Every `math.sqrt` inside the loop requires `LOAD_GLOBAL` (dictionary lookup for `math`) followed by `LOAD_ATTR` (dictionary lookup for `sqrt`). Similarly, `distances.append` requires `LOAD_FAST` + `LOAD_ATTR`. Caching both as local variables before the loop replaces all of these with simple `LOAD_FAST` (array index) operations.

Optimized Solution

# FAST: Cache global/attribute lookups as local variables
def compute_distances_fast(coords: list[tuple[float, float]]) -> list[float]:
    """Compute distances with cached local lookups."""
    sqrt = math.sqrt       # Cache function as local
    result = []
    append = result.append  # Cache method as local
    for x, y in coords:
        append(sqrt(x * x + y * y))  # Two LOAD_FAST calls only
    return result


# FASTEST: Comprehension + local cache (comprehension scope is local too)
def compute_distances_fastest(coords: list[tuple[float, float]]) -> list[float]:
    sqrt = math.sqrt
    return [sqrt(x * x + y * y) for x, y in coords]


fast_time = timeit.timeit(lambda: compute_distances_fast(coords), number=5)
fastest_time = timeit.timeit(lambda: compute_distances_fastest(coords), number=5)
print(f"Fast (cached locals):     {fast_time:.4f}s (speedup: {slow_time/fast_time:.1f}x)")
print(f"Fastest (comprehension):  {fastest_time:.4f}s (speedup: {slow_time/fastest_time:.1f}x)")
# Typical speedup: 1.2-1.5x (cached), 1.3-1.8x (comprehension)

**Why it's faster:** In CPython, `LOAD_FAST` is an array index into the local variable table — O(1) with no hashing. `LOAD_GLOBAL` searches the local dict, then global dict, then builtins dict. `LOAD_ATTR` performs another dict lookup on the object. Over 300,000 iterations, eliminating two dict lookups per iteration saves significant time.

Learn More

- This technique is used throughout the Python standard library (e.g., `json/encoder.py`). - The default-argument trick also works: `def f(coords, _sqrt=math.sqrt)` — the default is evaluated once at function definition time. - List comprehensions automatically create a local scope, so `[math.sqrt(x) ...]` still does `LOAD_GLOBAL` for `math` each time.
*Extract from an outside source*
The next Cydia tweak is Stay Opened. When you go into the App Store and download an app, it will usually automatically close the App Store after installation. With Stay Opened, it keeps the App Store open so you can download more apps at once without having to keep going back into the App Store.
Cache it before the comprehension: `sqrt = math.sqrt; [sqrt(x) ...]`. - Profile before optimizing: `python -m cProfile script.py` or `line_profiler` for line-by-line data.

Exercise 7: itertools for Efficient Loop Patterns¶

Difficulty: Medium

import timeit
from itertools import chain, product

# SLOW: Manual nested loop to flatten a list of lists
def flatten_slow(nested: list[list[int]]) -> list[int]:
    """Flatten a list of lists using nested for loops."""
    result = []
    for sublist in nested:
        for item in sublist:
            result.append(item)
    return result

# SLOW: Manual cartesian product with nested loops
def cartesian_slow(a: list[int], b: list[str], c: list[float]) -> list[tuple]:
    """Compute cartesian product of three lists."""
    result = []
    for x in a:
        for y in b:
            for z in c:
                result.append((x, y, z))
    return result


nested = [list(range(100)) for _ in range(5000)]  # 5000 sublists of 100 items
a = list(range(50))
b = [chr(65 + i) for i in range(26)]
c = [float(i) / 10 for i in range(20)]

slow_flat = timeit.timeit(lambda: flatten_slow(nested), number=5)
slow_cart = timeit.timeit(lambda: cartesian_slow(a, b, c), number=5)
print(f"Slow flatten:   {slow_flat:.4f}s")
print(f"Slow cartesian: {slow_cart:.4f}s")

Hint

`itertools.chain.from_iterable()` flattens an iterable of iterables in C, without any Python-level nested loop. `itertools.product()` computes the cartesian product of multiple iterables entirely in C, replacing deeply nested `for` loops.

Optimized Solution

from itertools import chain, product

# FAST: chain.from_iterable — C-level flatten
def flatten_fast(nested: list[list[int]]) -> list[int]:
    """Flatten using itertools.chain.from_iterable."""
    return list(chain.from_iterable(nested))

# FAST: itertools.product — C-level cartesian product
def cartesian_fast(a: list[int], b: list[str], c: list[float]) -> list[tuple]:
    """Compute cartesian product using itertools.product."""
    return list(product(a, b, c))


fast_flat = timeit.timeit(lambda: flatten_fast(nested), number=5)
fast_cart = timeit.timeit(lambda: cartesian_fast(a, b, c), number=5)
print(f"Fast flatten:   {fast_flat:.4f}s (speedup: {slow_flat/fast_flat:.1f}x)")
print(f"Fast cartesian: {fast_cart:.4f}s (speedup: {slow_cart/fast_cart:.1f}x)")
# Typical speedup: 2-4x (flatten), 2-5x (cartesian)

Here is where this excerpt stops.